Dans son nouveau film, le réalisateur de Juno aborde avec tendresse et quelques maladresses des pans encore tabous de la maternité.
C’est mue par la promesse d’une salle de ciné climatisée face à l’insoutenable chaleur de ce mois de juillet que j’ai poussé la porte du César, charmant cinéma indé de la place Castellane, pour la séance de 13h15. Comme vous le savez, le thème de la difficulté maternelle me touche de près, et j’essaie de voir et de lire tout ce qui se fait sur ce sujet. Tully me tendait donc les bras.
Marlo (Charlize Theron), quadra un peu frustrée de la banlieue new-yorkaise, attend son troisième enfant. Au retour de la maternité, les journées rythmées par les tétées et les couches, les allers-retours à l’école et les dîners à préparer deviennent harassantes. Avec un mari (Ron Livingston) absent et trois enfants à gérer, elle est vite dépassée. Sur les conseils de son frère (Mark Duplass), elle contacte Tully (Mackenzie Davis), nounou de nuit. A 22h30, tous les soirs c’est la libération, la super nanny vient prendre le relais auprès du bébé, et d’une Marlo épuisée. Après quelques semaines en compagnie de Tully, l’entourage est rassuré, Marlo va mieux, elle se repose, elle reprend des couleurs. Le plus dur est passé. Vraiment ?
Maman pleure, papa (joue à la) console
En sortant de la salle, où j’ai à la fois ri et pleuré, ce qui est souvent un gage de qualité, je n’étais quand même pas totalement convaincue. Quelque chose clochait. En fait j’étais un peu énervée.
Dans ce film, on voit une mère qui tombe très bas. Mais on voit surtout une mère désespérément seule. Seule avec sa fatigue, seule avec son désespoir, seule avec son deuxième enfant dit « singulier » et seule, finalement, pour trouver sa solution. On blâme souvent les femmes de ne pas demander d’aide, et il y a sans doute un travail à faire là-dessus : oser. Mais l’entourage préfère bien souvent planter bien profond la tête dans le sable et minimiser. Et j’ai envie de dire pleins de gros mots parce que pour voir il faut regarder. Porter les yeux sur la femme là, de l’autre côté du lit. La pas coiffée, la pas rasée, la pas maquillée. Celle qu’on porte aux nues dans les discours, ceux du genre : « Merci à ma femme qui m’a donné le plus grand bonheur qui soit, mes enfants. » et qu’on néglige quand il faudrait aider.

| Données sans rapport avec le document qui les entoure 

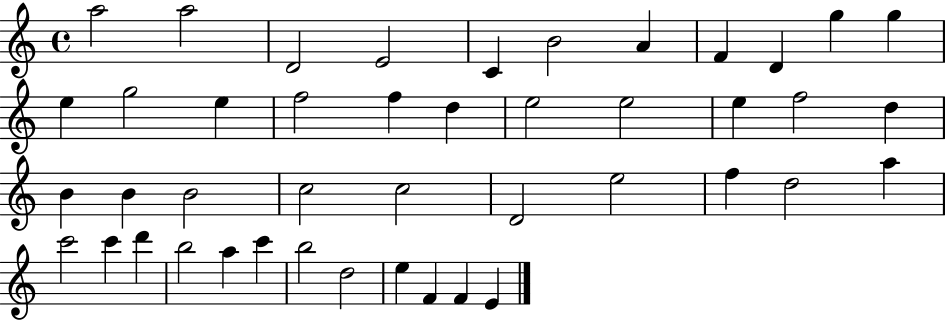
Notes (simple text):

A5/h A5/h D4/h E4/h C4/q B4/h A4/q F4/q D4/q G5/q G5/q E5/q G5/h E5/q F5/h F5/q D5/q E5/h E5/h E5/q F5/h D5/q B4/q B4/q B4/h C5/h C5/h D4/h E5/h F5/q D5/h A5/q C6/h C6/q D6/q B5/h A5/q C6/q B5/h D5/h E5/q F4/q F4/q E4/q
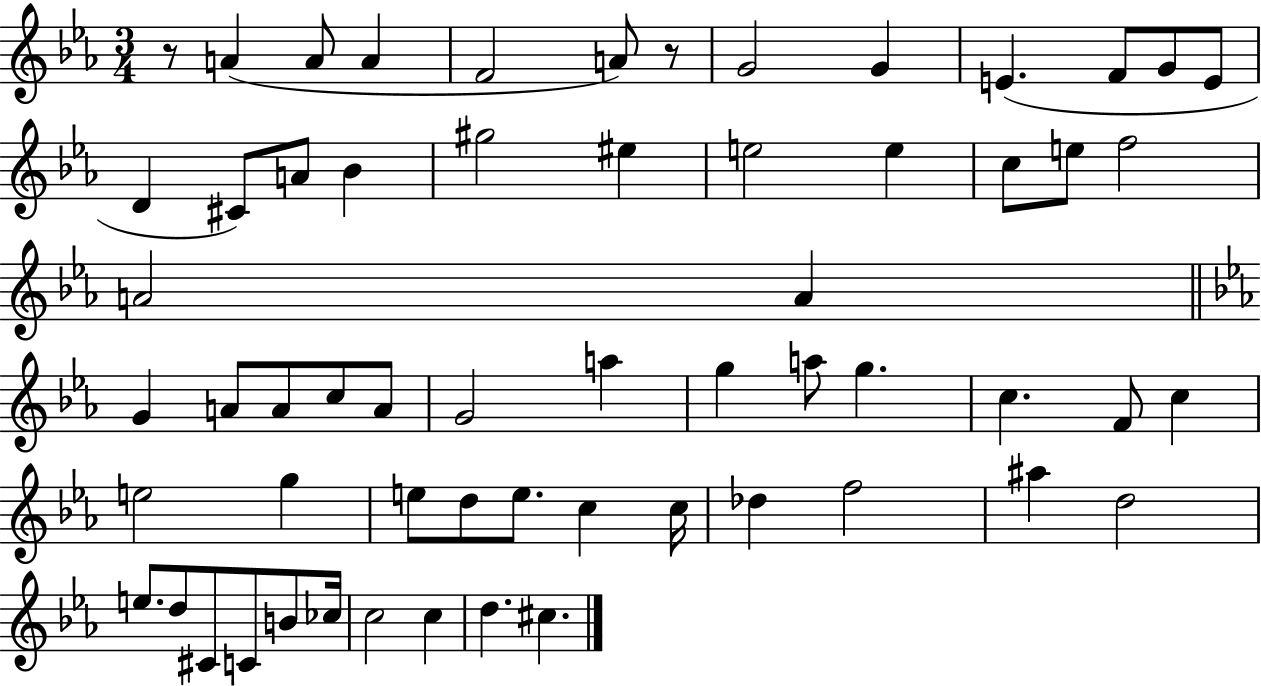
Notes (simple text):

R/e A4/q A4/e A4/q F4/h A4/e R/e G4/h G4/q E4/q. F4/e G4/e E4/e D4/q C#4/e A4/e Bb4/q G#5/h EIS5/q E5/h E5/q C5/e E5/e F5/h A4/h A4/q G4/q A4/e A4/e C5/e A4/e G4/h A5/q G5/q A5/e G5/q. C5/q. F4/e C5/q E5/h G5/q E5/e D5/e E5/e. C5/q C5/s Db5/q F5/h A#5/q D5/h E5/e. D5/e C#4/e C4/e B4/e CES5/s C5/h C5/q D5/q. C#5/q.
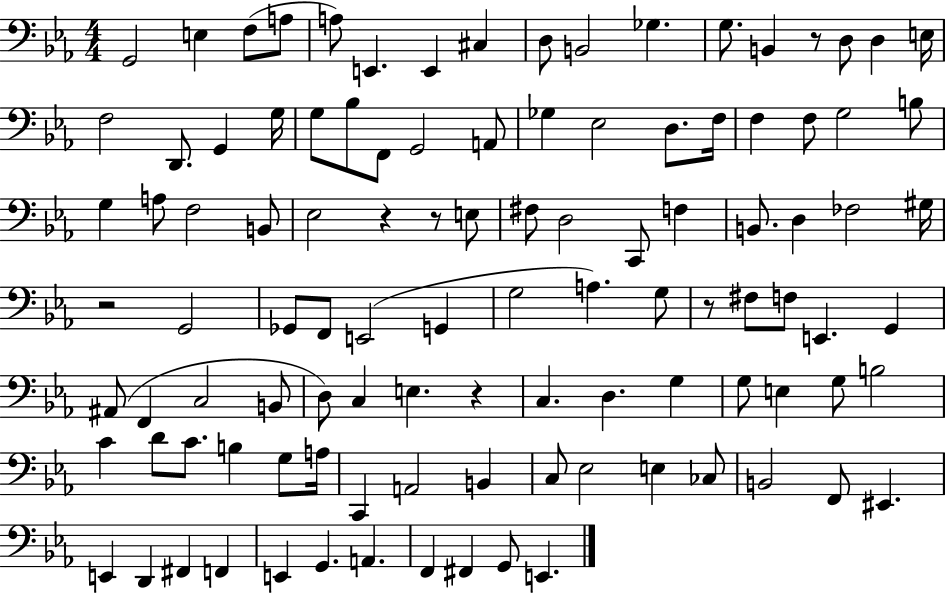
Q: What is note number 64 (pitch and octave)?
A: D3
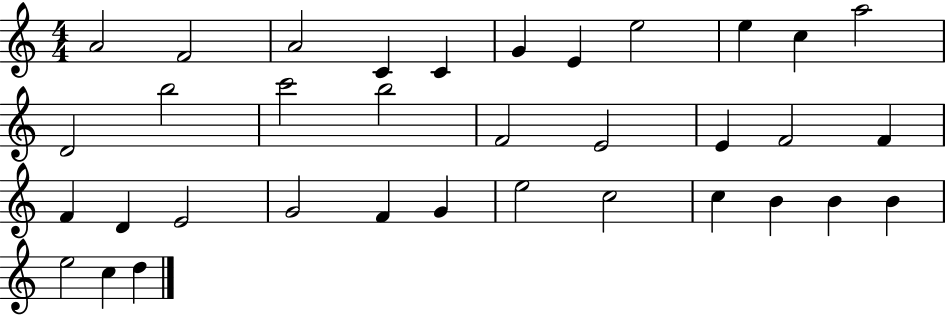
{
  \clef treble
  \numericTimeSignature
  \time 4/4
  \key c \major
  a'2 f'2 | a'2 c'4 c'4 | g'4 e'4 e''2 | e''4 c''4 a''2 | \break d'2 b''2 | c'''2 b''2 | f'2 e'2 | e'4 f'2 f'4 | \break f'4 d'4 e'2 | g'2 f'4 g'4 | e''2 c''2 | c''4 b'4 b'4 b'4 | \break e''2 c''4 d''4 | \bar "|."
}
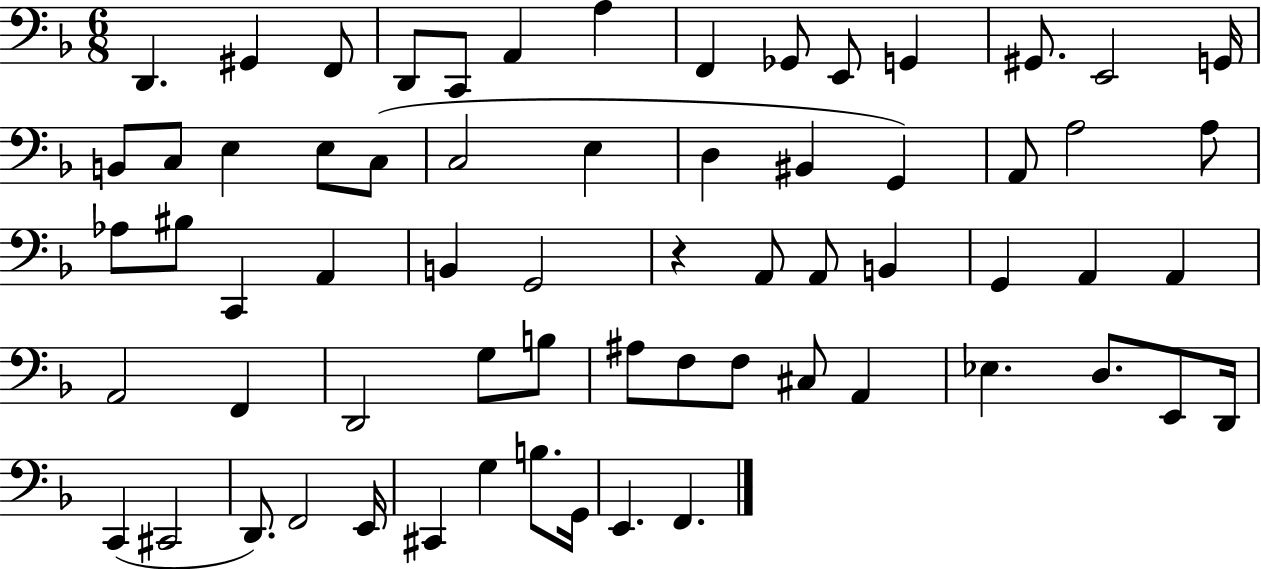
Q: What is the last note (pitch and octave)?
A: F2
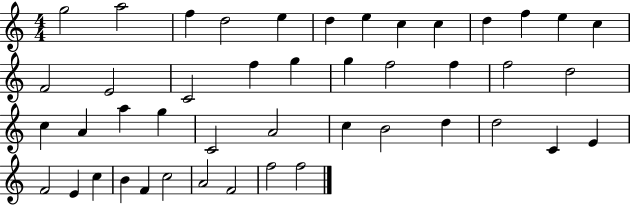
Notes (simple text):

G5/h A5/h F5/q D5/h E5/q D5/q E5/q C5/q C5/q D5/q F5/q E5/q C5/q F4/h E4/h C4/h F5/q G5/q G5/q F5/h F5/q F5/h D5/h C5/q A4/q A5/q G5/q C4/h A4/h C5/q B4/h D5/q D5/h C4/q E4/q F4/h E4/q C5/q B4/q F4/q C5/h A4/h F4/h F5/h F5/h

J’ai haï ce mari adulescent de ne pas se bouger un tantinet le fessier. J’ai été affligée de voir la pauvre Marlo prendre sur elle leur absence de vie sexuelle. Elle ne se maquille plus, n’a pas perdu ses kilos de grossesse, ne sait plus se rendre désirable c’est de sa faute. Et lui, le pauvre, il aurait tant besoin qu’on « recharge ses batteries » [sic]. Lui, pendant ce temps, personne ne vient lui faire remarquer que sa Playstation 4 a le sex-appeal d’une moule crue. Personne ne vient lui dire : « Oh, réveille-toi, c’est le moment d’aider là ! ». Lui, il fait sa part, il travaille beaucoup, et la nuit il dort, mais il faut le comprendre, c’est fatiguant le travail. Ce qui me gêne, c’est que je n’ai toujours pas compris s’il fallait prendre cette partie du film au second degré ou si on était vraiment en train de nous dire : « Secoue-toi ma grosse, fais péter le mascara et enfourche ton mari frustré pour une partie de rodéo. » Si vous avez vu le film, dites-moi ce que vous en pensez…

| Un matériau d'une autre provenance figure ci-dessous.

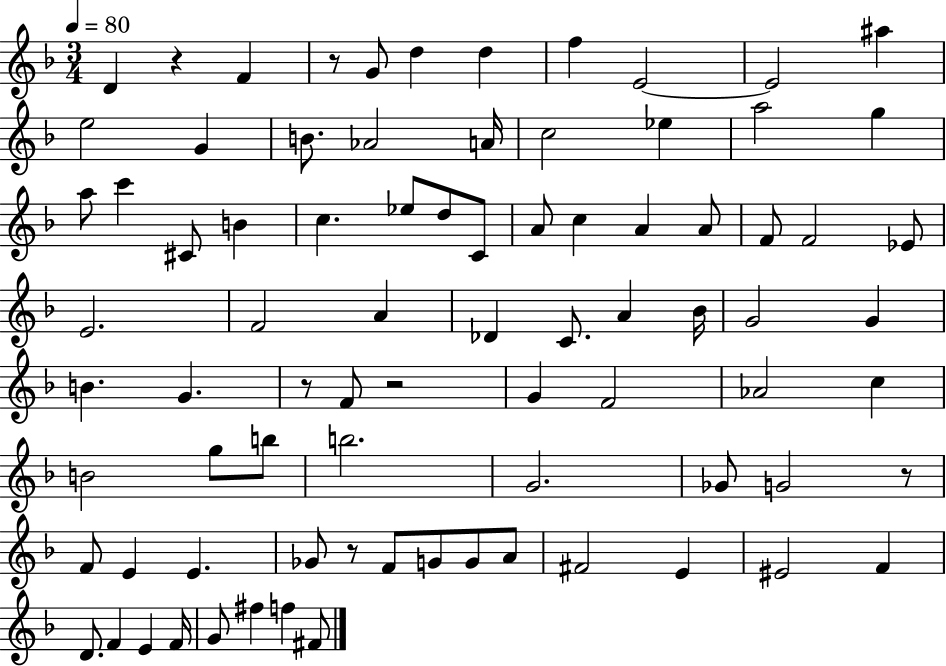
D4/q R/q F4/q R/e G4/e D5/q D5/q F5/q E4/h E4/h A#5/q E5/h G4/q B4/e. Ab4/h A4/s C5/h Eb5/q A5/h G5/q A5/e C6/q C#4/e B4/q C5/q. Eb5/e D5/e C4/e A4/e C5/q A4/q A4/e F4/e F4/h Eb4/e E4/h. F4/h A4/q Db4/q C4/e. A4/q Bb4/s G4/h G4/q B4/q. G4/q. R/e F4/e R/h G4/q F4/h Ab4/h C5/q B4/h G5/e B5/e B5/h. G4/h. Gb4/e G4/h R/e F4/e E4/q E4/q. Gb4/e R/e F4/e G4/e G4/e A4/e F#4/h E4/q EIS4/h F4/q D4/e. F4/q E4/q F4/s G4/e F#5/q F5/q F#4/e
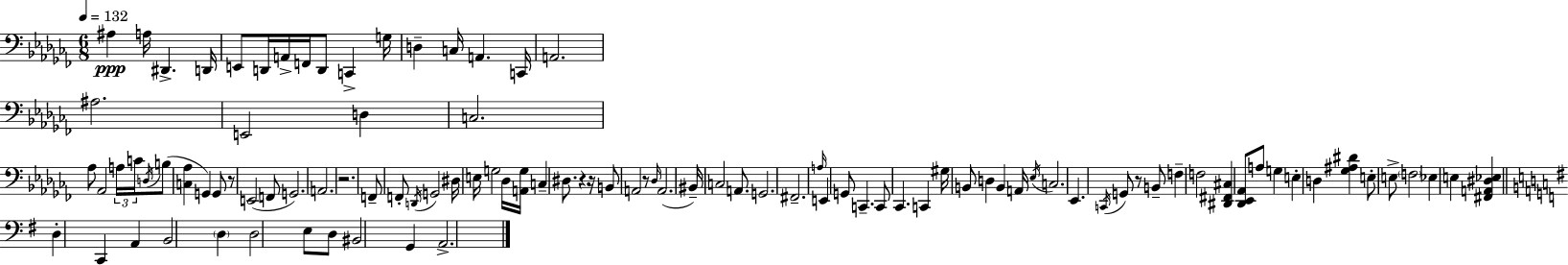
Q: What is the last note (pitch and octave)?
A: A2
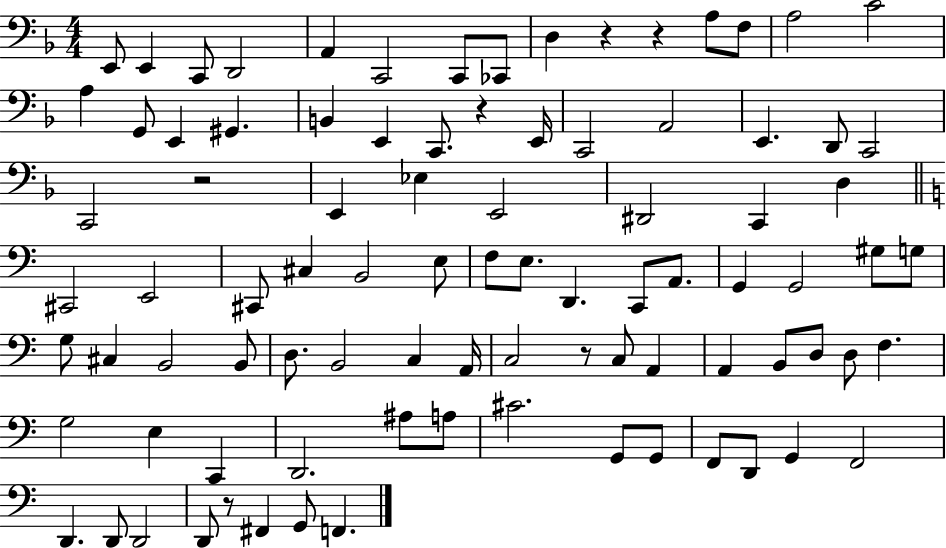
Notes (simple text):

E2/e E2/q C2/e D2/h A2/q C2/h C2/e CES2/e D3/q R/q R/q A3/e F3/e A3/h C4/h A3/q G2/e E2/q G#2/q. B2/q E2/q C2/e. R/q E2/s C2/h A2/h E2/q. D2/e C2/h C2/h R/h E2/q Eb3/q E2/h D#2/h C2/q D3/q C#2/h E2/h C#2/e C#3/q B2/h E3/e F3/e E3/e. D2/q. C2/e A2/e. G2/q G2/h G#3/e G3/e G3/e C#3/q B2/h B2/e D3/e. B2/h C3/q A2/s C3/h R/e C3/e A2/q A2/q B2/e D3/e D3/e F3/q. G3/h E3/q C2/q D2/h. A#3/e A3/e C#4/h. G2/e G2/e F2/e D2/e G2/q F2/h D2/q. D2/e D2/h D2/e R/e F#2/q G2/e F2/q.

Rire et larmes, solitude et amitié : un film, des paradoxes
Finalement, et au delà de ce résidu de colère, j’ai bien aimé. Dans la première moitié du film, on assiste à quelques pétages de câbles jouissifs, notamment face à une directrice d’école insupportable : « Nous adorons votre famille, mais votre enfant est « singulier », il serait sans doute mieux dans une autre école. » « Singulier ? Mais qu’est ce que vous avez tous avec ça ? Ça veut dire quoi singulier ? C’est un enfant, pas un putain d’adjectif ! » Les dialogues sont délicieusement mordants et ne sont pas sans rappeler une nouvelle fois Juno. Normal, le dialoguiste, Diablo Cody, est le même.
La deuxième partie est plus lourde et un peu caricaturale, avec des personnages tous un peu agaçants, mais on assiste quand même à une belle histoire d’amitié. Une des dernières scènes du film est bouleversante de tendresse et m’a tiré d’énormes larmes qui m’ont obligée à attendre la fin du générique. Rien que pour ça, ça valait le coup.